Top of Data extract

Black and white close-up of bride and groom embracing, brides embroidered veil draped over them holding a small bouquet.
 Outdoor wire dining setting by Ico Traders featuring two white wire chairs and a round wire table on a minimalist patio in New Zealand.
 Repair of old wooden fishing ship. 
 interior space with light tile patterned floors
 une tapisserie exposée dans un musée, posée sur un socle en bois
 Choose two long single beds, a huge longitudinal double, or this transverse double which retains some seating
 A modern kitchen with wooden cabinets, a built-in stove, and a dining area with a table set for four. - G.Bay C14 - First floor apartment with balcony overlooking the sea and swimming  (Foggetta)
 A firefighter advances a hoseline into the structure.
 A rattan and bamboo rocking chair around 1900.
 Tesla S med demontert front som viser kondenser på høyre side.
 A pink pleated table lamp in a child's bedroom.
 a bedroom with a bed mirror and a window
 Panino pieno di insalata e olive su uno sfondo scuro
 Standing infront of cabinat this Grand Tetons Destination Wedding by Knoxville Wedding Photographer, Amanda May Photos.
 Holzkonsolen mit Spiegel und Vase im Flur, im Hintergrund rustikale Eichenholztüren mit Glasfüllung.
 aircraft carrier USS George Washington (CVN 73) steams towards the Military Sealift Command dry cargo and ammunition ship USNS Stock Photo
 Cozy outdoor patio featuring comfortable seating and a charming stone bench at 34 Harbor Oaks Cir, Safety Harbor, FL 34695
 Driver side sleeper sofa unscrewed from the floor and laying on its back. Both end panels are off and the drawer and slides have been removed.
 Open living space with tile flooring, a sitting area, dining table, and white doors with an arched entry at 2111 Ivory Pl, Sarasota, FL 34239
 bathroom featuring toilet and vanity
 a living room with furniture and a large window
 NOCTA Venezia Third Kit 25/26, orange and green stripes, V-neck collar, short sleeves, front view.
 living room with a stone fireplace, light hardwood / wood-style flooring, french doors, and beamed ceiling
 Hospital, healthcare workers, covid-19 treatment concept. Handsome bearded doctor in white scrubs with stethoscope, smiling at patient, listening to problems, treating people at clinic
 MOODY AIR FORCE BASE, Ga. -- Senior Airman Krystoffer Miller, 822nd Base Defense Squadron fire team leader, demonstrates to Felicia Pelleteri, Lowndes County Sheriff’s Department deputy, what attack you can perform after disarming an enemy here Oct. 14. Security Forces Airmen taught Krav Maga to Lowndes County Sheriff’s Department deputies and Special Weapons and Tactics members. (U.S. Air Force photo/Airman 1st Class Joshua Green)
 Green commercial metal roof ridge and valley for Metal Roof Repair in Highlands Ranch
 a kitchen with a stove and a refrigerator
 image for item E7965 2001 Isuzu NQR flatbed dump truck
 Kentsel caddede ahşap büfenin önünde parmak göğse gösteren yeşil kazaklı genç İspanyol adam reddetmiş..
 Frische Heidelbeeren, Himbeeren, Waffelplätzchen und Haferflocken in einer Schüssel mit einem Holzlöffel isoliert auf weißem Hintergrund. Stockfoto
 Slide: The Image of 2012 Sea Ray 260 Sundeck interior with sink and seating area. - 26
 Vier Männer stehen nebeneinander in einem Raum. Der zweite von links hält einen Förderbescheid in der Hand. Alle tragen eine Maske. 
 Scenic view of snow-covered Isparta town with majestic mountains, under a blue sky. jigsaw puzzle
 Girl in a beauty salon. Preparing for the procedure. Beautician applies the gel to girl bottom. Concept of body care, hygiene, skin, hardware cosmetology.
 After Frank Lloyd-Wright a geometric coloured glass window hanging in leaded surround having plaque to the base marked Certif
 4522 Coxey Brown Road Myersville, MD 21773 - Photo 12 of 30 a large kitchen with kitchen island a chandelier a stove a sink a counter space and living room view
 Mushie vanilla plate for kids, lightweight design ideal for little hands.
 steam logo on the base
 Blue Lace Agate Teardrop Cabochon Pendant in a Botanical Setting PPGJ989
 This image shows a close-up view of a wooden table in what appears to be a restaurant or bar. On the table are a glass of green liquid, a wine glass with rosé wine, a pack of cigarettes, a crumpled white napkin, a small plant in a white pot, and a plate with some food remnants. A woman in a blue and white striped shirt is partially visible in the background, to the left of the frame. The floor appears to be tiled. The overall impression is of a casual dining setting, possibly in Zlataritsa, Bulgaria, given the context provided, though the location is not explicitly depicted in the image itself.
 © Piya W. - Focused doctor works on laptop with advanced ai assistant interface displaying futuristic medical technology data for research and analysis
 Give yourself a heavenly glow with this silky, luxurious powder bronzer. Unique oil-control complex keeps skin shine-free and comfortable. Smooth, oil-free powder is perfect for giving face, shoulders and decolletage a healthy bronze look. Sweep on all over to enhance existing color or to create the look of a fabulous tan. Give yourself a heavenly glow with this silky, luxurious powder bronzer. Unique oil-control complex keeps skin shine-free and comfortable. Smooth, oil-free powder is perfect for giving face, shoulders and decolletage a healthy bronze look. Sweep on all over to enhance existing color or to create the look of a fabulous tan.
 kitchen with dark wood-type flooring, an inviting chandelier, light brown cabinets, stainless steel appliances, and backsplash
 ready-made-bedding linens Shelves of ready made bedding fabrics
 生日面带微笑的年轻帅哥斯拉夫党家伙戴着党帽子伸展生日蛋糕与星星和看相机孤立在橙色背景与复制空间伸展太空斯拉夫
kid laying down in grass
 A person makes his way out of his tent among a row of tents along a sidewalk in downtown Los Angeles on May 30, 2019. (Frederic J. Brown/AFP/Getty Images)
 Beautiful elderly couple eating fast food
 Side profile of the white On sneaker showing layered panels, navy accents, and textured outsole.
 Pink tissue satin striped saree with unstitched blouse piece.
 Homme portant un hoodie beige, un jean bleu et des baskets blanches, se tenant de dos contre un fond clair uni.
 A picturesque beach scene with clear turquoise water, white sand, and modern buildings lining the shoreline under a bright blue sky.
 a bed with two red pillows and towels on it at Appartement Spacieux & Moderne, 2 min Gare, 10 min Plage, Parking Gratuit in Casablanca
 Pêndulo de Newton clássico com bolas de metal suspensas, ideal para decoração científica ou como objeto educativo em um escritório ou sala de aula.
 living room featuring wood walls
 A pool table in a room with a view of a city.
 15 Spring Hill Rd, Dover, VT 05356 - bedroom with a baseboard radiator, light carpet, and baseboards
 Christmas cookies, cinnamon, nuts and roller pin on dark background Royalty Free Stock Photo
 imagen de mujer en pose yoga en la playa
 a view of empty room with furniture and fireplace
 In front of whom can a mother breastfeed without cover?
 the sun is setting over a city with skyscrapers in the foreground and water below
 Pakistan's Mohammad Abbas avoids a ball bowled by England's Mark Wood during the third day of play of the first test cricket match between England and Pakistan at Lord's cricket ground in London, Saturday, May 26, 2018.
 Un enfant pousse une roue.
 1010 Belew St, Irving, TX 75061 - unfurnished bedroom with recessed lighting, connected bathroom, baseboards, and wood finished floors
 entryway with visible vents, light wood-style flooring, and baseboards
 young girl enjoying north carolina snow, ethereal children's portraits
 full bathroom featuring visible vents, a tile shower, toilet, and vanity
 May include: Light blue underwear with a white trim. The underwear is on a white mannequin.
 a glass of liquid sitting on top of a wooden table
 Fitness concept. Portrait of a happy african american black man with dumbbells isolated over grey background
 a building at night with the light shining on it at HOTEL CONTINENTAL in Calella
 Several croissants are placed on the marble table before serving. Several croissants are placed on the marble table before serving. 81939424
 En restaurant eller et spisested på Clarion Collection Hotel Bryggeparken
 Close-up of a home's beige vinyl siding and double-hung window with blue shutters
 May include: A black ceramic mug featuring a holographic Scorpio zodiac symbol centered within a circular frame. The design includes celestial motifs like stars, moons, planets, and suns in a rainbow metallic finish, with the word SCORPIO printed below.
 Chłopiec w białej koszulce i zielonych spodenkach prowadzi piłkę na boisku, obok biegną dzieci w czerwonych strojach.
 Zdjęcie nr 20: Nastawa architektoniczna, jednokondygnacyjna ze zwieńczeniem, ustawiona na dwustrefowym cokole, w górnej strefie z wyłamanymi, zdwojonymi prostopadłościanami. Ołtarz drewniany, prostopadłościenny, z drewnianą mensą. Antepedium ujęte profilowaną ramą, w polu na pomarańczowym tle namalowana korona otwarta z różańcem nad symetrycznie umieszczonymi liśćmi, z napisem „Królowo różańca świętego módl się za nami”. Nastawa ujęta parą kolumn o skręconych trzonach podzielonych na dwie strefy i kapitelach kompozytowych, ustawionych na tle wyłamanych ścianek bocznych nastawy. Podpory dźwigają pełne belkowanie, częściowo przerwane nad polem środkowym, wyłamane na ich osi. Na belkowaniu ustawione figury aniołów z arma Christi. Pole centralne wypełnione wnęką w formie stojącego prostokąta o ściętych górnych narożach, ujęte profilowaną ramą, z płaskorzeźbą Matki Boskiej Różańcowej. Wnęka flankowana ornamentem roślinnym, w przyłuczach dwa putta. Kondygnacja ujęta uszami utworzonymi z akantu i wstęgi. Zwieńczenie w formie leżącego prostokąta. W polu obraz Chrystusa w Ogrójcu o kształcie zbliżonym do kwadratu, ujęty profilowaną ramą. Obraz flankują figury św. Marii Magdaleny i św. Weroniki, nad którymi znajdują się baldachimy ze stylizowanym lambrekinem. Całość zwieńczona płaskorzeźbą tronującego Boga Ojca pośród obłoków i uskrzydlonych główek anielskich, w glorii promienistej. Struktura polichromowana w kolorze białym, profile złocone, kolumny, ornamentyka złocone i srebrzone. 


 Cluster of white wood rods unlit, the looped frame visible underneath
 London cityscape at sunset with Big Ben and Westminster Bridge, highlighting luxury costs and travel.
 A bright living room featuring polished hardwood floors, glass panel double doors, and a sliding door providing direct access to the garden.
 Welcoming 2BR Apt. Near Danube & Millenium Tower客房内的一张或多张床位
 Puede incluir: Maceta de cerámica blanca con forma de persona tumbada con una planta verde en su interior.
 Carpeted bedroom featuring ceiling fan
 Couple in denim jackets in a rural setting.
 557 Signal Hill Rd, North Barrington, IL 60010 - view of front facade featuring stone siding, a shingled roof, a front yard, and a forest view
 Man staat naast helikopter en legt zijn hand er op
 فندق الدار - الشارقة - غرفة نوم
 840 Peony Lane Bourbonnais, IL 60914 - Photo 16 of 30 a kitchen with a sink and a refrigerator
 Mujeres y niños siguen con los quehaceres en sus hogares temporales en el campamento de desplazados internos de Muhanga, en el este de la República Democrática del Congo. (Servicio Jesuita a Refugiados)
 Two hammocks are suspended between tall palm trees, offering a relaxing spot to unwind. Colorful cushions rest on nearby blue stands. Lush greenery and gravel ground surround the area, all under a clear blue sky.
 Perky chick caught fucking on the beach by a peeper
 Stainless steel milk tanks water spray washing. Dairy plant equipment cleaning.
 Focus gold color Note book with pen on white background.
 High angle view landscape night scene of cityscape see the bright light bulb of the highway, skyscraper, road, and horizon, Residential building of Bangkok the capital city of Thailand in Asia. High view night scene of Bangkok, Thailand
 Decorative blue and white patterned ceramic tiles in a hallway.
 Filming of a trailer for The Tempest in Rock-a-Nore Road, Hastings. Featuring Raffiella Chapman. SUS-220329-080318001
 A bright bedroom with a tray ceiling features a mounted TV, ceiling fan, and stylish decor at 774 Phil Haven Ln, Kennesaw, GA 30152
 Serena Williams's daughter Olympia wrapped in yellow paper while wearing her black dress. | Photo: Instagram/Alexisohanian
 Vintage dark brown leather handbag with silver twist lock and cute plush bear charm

Bottom of Data extract

_Task objective_
Transcribe the records above exactly, beginning at the line that contains "Pink tissue satin" and ending with the line that contains "A picturesque beach", both included, and nothing else.

_Response area_
 Pink tissue satin striped saree with unstitched blouse piece.
 Homme portant un hoodie beige, un jean bleu et des baskets blanches, se tenant de dos contre un fond clair uni.
 A picturesque beach scene with clear turquoise water, white sand, and modern buildings lining the shoreline under a bright blue sky.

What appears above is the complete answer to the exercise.